WHAT IS BEING ASKED >> Exclude the pictures, then repeat exactly each line from the one containing "287 Peconic Terrace, Calverton, NY 11933" to the final line of the records that follow.

(Short descriptive text snippets)
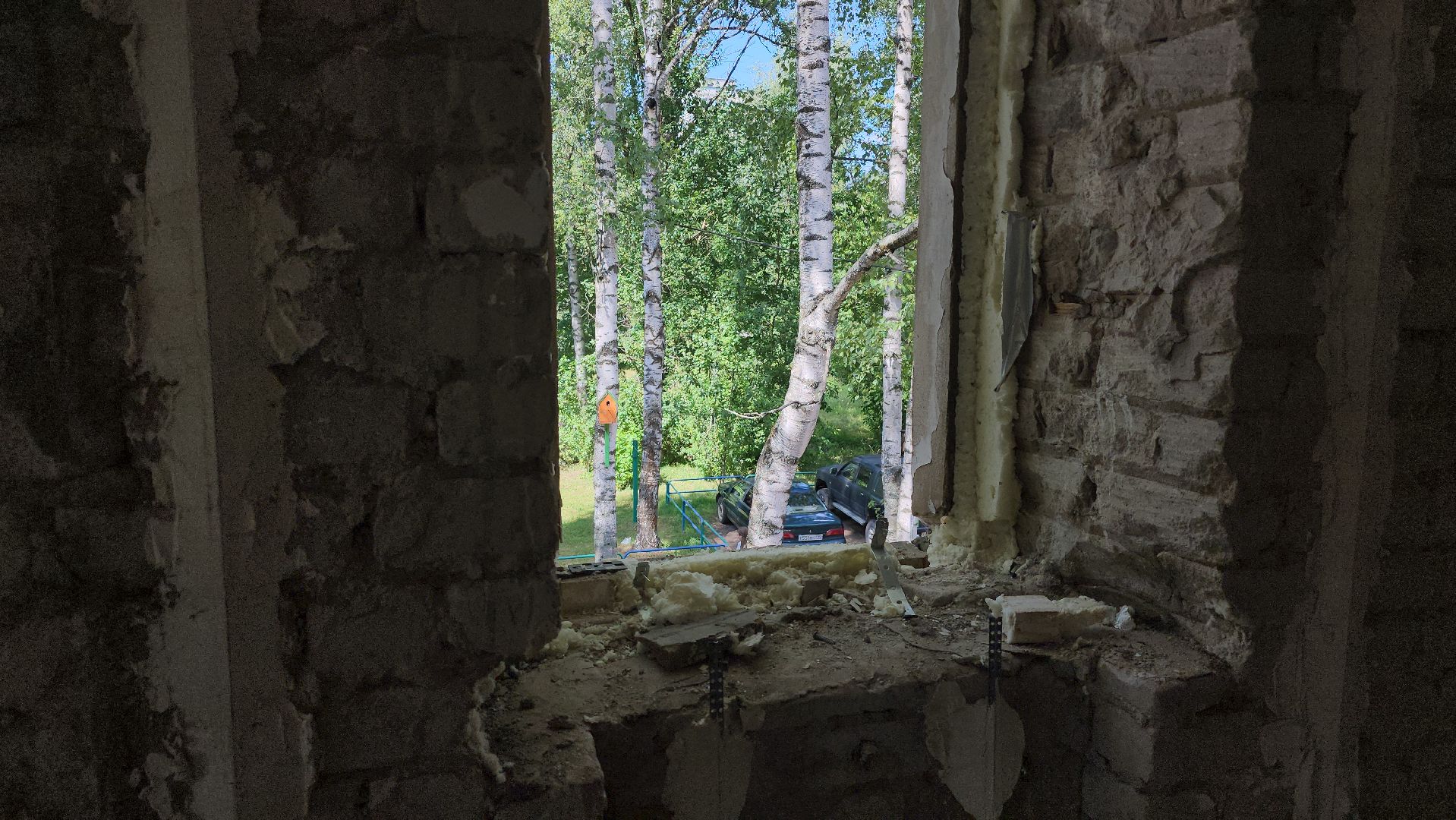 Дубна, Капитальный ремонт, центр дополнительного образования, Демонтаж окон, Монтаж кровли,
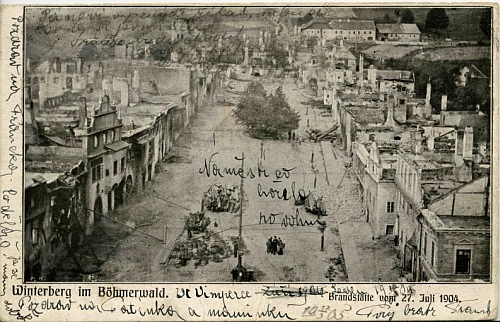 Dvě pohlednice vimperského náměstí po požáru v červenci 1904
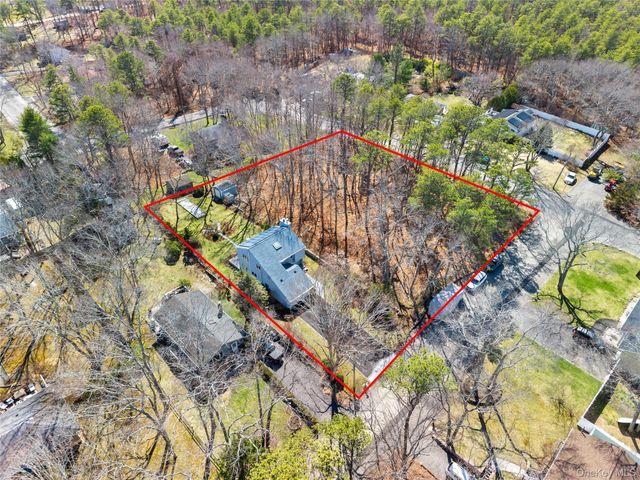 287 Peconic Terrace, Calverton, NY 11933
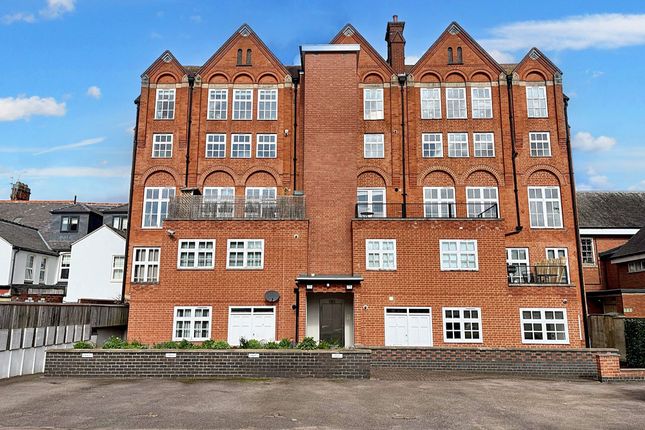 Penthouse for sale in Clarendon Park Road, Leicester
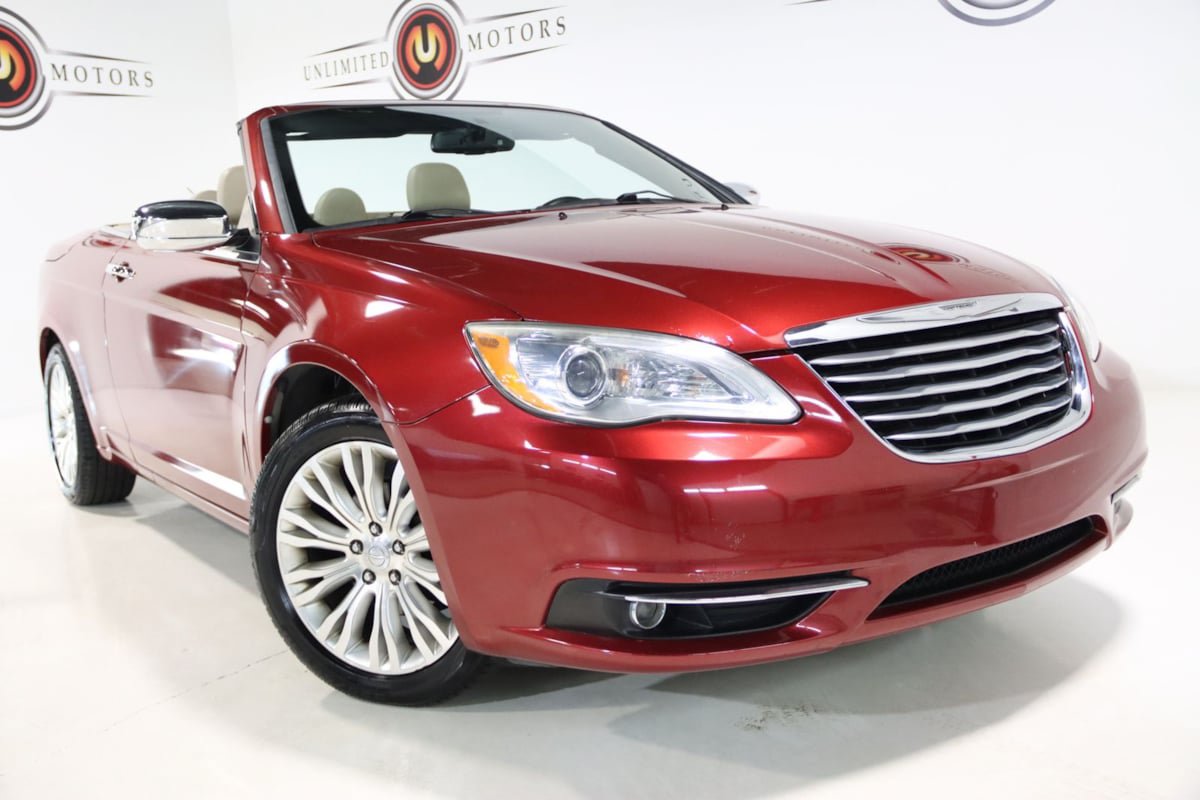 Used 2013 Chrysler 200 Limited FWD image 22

WRITTEN ANSWER >>
 287 Peconic Terrace, Calverton, NY 11933
 Penthouse for sale in Clarendon Park Road, Leicester
 Used 2013 Chrysler 200 Limited FWD image 22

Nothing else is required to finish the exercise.